None of this requires bad engineers. It barely requires engineers at all.

If you do nothing, your system will grow until it becomes unmanageable. This was true before AI, but the timeline has collapsed. What used to take years of drift now happens in months of "high-velocity" shipping.


Conceptual Mass

Lines of code are a distraction. What actually matters is conceptual mass—the weight of ideas a system asks you to hold in your head.

Conceptual mass is the sum of distinct concepts, invariants, public interfaces, dependencies, and exception paths. It is the number of things a human, or an AI, must understand to make a safe change.

AI is exceptionally good at increasing conceptual mass silently. Every generated abstraction, every "clean" separation of concerns, every helper function adds weight. The code passes the linter. The tests pass. The system gets heavier.

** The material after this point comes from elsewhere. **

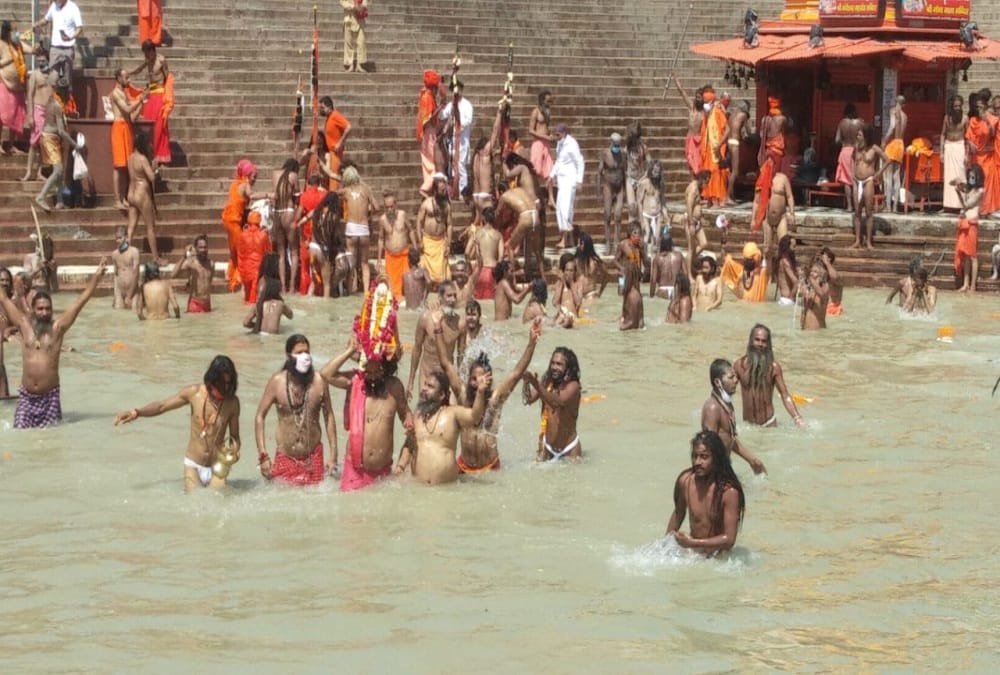 Haridwar Kumbh Mela 2021 chaitra purnima News Today: Akhara Saints Shahi Snan With Social Distancing Photos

The Compaction Discipline exists to reduce conceptual mass relentlessly.


Compaction Is Not Cleanup

Most teams think about size reduction as hygiene: occasional refactors, technical-debt sprints, cleanup tickets that sit in the backlog, but that framing is wrong.

In theory, refactoring can reduce conceptual mass. In practice, it rarely does. Most refactoring reorganizes existing structure without challenging whether that structure should exist at all.

Refactoring is reorganizing the closet.

Compaction is realizing you don't need the closet.

Compaction is not maintenance. It is structural pressure. It is the deliberate, continuous application of force to keep a system's conceptual mass proportional to its purpose.

If your system gets more complex every time it gets more capable, you are losing.


What Compaction Looks Like

Removing code often accompanies compaction, but deletion is incidental. The goal is not fewer lines. The goal is less surface area.

AI loves to hallucinate architecture. It will suggest a Strategy pattern, a Factory, and an Interface for a feature that could be a single if statement.

Expansion is keeping those files because "it's best practice."

Compaction is deleting them because the distinction doesn't pay rent.

Successful compaction looks like fewer abstractions doing more work. Collapsed layers. Eliminated special cases. Simpler dependency graphs. Clearer boundaries. Smaller interfaces.

Code disappears because it no longer earns its keep. Sometimes the code stays, but the conceptual mass drops, because two ideas become one and the mental model shrinks.

The question is not "can we delete this?" It's "does this concept justify its existence?"


Architecture as Compaction

At Wunderlist, we built what people would now call a microservices architecture, but we thought of it as a deliberately dumb architecture.

The industry focuses too much on "microservices" and not enough on "architecture." That's why microservices get a bad rap. Our system worked because it was simple to the point of boredom.

We organized around nouns, not verbs. Users, lists, tasks, comments, each owned by exactly one service. Operations were almost entirely CRUD. Communication happened through exactly two mechanisms: a standardized REST/JSON convention that every service spoke natively and exclusively, and a message bus that broadcast every mutation. That was it. No service-to-service RPC. No custom protocols. No internal APIs that only two services knew about.

We didn't choose this approach because we loved distributed systems. We chose it because it enforced replaceability. When a service became too heavy—too much conceptual mass—we didn't refactor it. We deleted it and replaced it with something simpler. Or faster. Or cheaper to run. Because the architecture was dumb, rewriting was cheaper than preserving complexity.

The architecture gave everything exactly one place to go. Duplication was obvious. Special cases had nowhere to hide.

The specifics don't matter. The constraint does. You don't need microservices to do this. You can practice compaction in a monolith by enforcing modular boundaries that are ruthless about dependency direction and ownership. The technology is incidental (though in my own expereince, separation by process boundary makes the modularity more explicit). What matters is designing systems where bloat has no natural home.


Optionality

Compaction buys you more than cleanliness. It buys you options.

A compact system is cheaper to regenerate. It fits inside bounded reasoning contexts. It adapts to new languages and frameworks because there's less to port. It is easier to audit. It has a smaller blast radius when it fails.

This is why the most durable legacy systems are often boring. They didn't grow clever. They resisted the urge to solve tomorrow's problems today.


The Discipline, Stated Plainly

Any system that does not actively compress will inevitably bloat. AI does not change this law. It just accelerates it.

We are moving from an era where code seemed like an asset to an era where code is more clearly a liability, and only functionality (and arguably its architecture) is the asset.

The Compaction Discipline is the counterforce: continuous structural pressure to keep conceptual mass proportional to purpose.

Generation is cheap. Compression is leverage.